== INFORMATION GIVEN ==
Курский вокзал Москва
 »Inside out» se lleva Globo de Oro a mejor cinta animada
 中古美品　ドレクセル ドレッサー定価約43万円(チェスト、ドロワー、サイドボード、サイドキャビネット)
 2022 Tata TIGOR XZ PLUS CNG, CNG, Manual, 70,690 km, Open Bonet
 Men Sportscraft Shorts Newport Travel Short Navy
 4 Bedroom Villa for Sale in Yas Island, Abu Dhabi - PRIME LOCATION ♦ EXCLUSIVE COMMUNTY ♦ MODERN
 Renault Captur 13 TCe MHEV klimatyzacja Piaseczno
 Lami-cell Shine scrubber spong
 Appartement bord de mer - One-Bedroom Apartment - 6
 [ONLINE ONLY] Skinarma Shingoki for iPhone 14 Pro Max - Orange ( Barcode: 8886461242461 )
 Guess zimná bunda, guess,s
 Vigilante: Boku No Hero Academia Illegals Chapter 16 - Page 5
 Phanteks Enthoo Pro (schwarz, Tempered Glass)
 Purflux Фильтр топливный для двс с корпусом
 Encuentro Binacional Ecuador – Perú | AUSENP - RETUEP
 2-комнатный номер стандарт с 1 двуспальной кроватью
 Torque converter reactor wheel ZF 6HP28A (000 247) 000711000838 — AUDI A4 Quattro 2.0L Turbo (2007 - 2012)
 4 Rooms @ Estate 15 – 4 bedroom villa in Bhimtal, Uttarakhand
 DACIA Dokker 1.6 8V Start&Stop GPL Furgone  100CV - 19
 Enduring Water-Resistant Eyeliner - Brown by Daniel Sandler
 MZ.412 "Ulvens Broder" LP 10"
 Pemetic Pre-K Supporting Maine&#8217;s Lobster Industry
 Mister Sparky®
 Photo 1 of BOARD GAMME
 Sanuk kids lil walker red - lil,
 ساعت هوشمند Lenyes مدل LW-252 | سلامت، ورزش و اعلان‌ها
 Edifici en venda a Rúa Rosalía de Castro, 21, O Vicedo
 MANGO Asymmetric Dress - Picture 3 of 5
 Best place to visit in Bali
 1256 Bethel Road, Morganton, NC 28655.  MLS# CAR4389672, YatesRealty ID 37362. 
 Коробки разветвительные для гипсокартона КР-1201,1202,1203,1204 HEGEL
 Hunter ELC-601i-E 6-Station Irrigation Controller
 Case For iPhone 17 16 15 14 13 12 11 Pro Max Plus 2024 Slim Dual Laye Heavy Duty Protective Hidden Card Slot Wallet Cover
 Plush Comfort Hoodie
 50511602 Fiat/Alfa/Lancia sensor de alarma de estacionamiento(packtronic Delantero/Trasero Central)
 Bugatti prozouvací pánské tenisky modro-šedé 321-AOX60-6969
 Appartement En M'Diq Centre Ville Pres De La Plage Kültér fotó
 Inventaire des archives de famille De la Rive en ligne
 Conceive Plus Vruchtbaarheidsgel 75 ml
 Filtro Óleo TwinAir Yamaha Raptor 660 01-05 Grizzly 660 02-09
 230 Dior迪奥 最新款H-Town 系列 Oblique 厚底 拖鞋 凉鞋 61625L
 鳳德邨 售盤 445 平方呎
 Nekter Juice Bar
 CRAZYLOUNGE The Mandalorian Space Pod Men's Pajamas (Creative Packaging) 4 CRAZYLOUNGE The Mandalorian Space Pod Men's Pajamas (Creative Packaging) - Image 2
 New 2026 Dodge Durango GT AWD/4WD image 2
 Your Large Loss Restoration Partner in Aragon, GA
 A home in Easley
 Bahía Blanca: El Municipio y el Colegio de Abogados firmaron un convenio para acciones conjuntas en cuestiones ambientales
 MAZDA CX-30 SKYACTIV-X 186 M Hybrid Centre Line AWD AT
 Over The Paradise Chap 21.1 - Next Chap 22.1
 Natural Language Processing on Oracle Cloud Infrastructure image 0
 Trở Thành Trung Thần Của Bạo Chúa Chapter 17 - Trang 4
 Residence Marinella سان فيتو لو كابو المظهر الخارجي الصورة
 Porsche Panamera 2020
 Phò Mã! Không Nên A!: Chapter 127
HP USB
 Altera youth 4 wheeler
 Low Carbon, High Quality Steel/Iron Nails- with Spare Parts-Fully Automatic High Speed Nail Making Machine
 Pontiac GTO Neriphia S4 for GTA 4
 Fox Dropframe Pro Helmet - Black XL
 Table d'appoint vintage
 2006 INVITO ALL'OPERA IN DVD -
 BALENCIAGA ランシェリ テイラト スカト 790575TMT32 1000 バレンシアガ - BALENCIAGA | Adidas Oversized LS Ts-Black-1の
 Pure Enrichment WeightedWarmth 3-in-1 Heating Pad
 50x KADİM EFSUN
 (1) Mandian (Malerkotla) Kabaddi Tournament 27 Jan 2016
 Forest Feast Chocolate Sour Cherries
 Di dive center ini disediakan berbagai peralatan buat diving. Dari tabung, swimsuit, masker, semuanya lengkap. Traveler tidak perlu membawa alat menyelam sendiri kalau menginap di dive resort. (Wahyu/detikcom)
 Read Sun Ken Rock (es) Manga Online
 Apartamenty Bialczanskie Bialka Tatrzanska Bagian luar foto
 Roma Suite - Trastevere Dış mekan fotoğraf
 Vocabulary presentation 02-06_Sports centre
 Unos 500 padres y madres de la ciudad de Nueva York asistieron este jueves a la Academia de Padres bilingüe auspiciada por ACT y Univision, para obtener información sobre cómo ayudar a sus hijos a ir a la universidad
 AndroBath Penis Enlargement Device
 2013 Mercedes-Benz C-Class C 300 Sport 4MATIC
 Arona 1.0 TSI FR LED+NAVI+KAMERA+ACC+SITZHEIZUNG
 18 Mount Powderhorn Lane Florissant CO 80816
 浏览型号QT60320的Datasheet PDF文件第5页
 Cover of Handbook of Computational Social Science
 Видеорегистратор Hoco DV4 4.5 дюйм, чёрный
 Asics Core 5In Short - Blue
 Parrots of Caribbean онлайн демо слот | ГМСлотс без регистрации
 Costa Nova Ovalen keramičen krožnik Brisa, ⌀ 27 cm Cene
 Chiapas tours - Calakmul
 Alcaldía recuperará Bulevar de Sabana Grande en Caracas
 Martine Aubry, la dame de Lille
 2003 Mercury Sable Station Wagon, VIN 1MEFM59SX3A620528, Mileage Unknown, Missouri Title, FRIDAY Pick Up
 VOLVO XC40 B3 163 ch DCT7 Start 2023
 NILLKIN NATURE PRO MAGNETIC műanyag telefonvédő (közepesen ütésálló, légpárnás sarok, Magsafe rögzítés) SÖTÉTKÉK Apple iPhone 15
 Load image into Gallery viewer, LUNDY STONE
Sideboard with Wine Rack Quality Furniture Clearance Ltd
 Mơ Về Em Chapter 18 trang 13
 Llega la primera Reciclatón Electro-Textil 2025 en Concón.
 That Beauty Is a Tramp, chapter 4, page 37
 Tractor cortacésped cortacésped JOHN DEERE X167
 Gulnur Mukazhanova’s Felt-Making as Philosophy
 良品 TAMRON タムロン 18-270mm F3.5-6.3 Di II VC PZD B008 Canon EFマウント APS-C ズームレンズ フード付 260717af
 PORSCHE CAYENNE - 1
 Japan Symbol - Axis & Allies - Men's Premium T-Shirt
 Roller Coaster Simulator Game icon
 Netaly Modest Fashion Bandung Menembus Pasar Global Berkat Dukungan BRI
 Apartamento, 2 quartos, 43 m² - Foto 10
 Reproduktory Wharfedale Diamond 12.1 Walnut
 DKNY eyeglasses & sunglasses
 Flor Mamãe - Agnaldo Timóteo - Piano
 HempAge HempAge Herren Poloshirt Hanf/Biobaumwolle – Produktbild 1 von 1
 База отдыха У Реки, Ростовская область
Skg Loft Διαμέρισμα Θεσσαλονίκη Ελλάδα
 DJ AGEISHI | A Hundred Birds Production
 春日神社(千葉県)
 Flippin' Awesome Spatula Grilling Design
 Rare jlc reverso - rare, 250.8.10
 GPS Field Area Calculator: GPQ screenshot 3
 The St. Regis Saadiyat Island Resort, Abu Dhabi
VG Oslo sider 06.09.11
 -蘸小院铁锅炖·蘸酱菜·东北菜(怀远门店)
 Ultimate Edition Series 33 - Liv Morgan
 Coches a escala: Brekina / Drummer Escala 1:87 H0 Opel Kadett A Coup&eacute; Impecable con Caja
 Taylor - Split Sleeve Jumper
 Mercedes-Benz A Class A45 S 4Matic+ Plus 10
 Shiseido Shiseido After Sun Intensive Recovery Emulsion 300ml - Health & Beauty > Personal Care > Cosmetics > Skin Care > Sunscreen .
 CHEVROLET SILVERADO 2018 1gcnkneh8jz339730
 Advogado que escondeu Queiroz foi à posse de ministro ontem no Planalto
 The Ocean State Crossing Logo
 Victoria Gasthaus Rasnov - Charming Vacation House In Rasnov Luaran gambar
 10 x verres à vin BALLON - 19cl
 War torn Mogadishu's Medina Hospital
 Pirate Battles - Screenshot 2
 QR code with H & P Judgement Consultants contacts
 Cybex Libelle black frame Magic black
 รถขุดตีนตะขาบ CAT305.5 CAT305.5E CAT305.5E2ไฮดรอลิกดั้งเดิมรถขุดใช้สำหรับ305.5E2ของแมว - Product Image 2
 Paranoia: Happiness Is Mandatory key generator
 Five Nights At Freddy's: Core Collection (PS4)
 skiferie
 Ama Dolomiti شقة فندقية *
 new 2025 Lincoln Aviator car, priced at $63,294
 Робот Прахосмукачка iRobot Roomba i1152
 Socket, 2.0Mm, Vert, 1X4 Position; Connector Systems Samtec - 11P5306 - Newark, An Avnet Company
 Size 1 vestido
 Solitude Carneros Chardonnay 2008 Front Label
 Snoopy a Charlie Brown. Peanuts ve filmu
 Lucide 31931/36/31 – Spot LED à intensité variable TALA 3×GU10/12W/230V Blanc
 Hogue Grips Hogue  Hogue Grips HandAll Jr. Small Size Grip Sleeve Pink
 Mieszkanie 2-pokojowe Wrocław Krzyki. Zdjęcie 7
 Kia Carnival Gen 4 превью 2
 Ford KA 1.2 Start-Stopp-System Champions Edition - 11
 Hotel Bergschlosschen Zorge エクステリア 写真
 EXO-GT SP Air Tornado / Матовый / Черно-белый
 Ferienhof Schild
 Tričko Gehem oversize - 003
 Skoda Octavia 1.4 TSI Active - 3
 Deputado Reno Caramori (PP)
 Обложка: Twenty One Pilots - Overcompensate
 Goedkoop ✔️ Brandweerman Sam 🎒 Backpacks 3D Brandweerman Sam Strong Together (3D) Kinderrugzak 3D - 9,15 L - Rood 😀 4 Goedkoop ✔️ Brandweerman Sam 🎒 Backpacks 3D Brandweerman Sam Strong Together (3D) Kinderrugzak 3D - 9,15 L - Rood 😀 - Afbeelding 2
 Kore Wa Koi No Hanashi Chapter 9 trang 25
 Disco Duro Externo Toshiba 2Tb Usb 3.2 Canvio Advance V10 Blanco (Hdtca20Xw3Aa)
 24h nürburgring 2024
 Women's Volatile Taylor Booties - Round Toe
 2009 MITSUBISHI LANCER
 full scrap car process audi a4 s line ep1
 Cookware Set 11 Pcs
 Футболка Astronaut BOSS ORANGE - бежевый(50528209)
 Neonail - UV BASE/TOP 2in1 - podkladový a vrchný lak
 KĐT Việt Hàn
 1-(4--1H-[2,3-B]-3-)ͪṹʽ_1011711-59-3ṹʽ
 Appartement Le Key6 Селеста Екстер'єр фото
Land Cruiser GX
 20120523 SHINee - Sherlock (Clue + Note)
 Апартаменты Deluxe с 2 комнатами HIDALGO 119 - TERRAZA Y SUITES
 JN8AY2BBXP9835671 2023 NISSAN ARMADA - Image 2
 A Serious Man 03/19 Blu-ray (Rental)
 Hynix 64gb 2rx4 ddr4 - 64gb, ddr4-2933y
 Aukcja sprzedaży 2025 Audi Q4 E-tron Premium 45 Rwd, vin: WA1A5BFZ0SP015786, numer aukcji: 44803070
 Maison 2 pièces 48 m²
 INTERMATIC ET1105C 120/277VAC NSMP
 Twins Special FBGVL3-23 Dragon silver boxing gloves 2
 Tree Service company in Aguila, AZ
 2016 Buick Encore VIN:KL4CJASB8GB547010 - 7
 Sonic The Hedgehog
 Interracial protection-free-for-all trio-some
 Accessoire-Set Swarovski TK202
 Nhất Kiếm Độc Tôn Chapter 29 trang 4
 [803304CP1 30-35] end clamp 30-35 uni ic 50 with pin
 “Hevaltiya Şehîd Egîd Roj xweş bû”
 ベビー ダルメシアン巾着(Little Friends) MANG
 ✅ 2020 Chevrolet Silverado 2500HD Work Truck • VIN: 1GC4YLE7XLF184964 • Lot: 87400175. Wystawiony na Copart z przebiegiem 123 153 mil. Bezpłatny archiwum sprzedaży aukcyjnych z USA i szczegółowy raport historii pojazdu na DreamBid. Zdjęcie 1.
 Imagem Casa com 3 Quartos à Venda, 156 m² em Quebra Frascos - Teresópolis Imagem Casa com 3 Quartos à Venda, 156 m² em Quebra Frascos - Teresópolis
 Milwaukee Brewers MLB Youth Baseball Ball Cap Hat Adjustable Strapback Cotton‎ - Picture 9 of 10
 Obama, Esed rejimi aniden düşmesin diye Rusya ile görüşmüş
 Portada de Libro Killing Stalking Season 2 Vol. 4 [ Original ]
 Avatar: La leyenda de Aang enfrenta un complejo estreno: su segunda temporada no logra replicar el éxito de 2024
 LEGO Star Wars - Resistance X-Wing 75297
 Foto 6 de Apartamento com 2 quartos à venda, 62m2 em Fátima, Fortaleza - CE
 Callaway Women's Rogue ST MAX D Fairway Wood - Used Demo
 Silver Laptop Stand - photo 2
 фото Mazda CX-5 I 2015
===
**ASSIGNMENT:** Repeat exactly the lines that run from the opening of the listing through the line holding "Pemetic Pre-K Supporting". Leave out everything else.

**EXPECTED ANSWER:**
Курский вокзал Москва
 »Inside out» se lleva Globo de Oro a mejor cinta animada
 中古美品　ドレクセル ドレッサー定価約43万円(チェスト、ドロワー、サイドボード、サイドキャビネット)
 2022 Tata TIGOR XZ PLUS CNG, CNG, Manual, 70,690 km, Open Bonet
 Men Sportscraft Shorts Newport Travel Short Navy
 4 Bedroom Villa for Sale in Yas Island, Abu Dhabi - PRIME LOCATION ♦ EXCLUSIVE COMMUNTY ♦ MODERN
 Renault Captur 13 TCe MHEV klimatyzacja Piaseczno
 Lami-cell Shine scrubber spong
 Appartement bord de mer - One-Bedroom Apartment - 6
 [ONLINE ONLY] Skinarma Shingoki for iPhone 14 Pro Max - Orange ( Barcode: 8886461242461 )
 Guess zimná bunda, guess,s
 Vigilante: Boku No Hero Academia Illegals Chapter 16 - Page 5
 Phanteks Enthoo Pro (schwarz, Tempered Glass)
 Purflux Фильтр топливный для двс с корпусом
 Encuentro Binacional Ecuador – Perú | AUSENP - RETUEP
 2-комнатный номер стандарт с 1 двуспальной кроватью
 Torque converter reactor wheel ZF 6HP28A (000 247) 000711000838 — AUDI A4 Quattro 2.0L Turbo (2007 - 2012)
 4 Rooms @ Estate 15 – 4 bedroom villa in Bhimtal, Uttarakhand
 DACIA Dokker 1.6 8V Start&Stop GPL Furgone  100CV - 19
 Enduring Water-Resistant Eyeliner - Brown by Daniel Sandler
 MZ.412 "Ulvens Broder" LP 10"
 Pemetic Pre-K Supporting Maine&#8217;s Lobster Industry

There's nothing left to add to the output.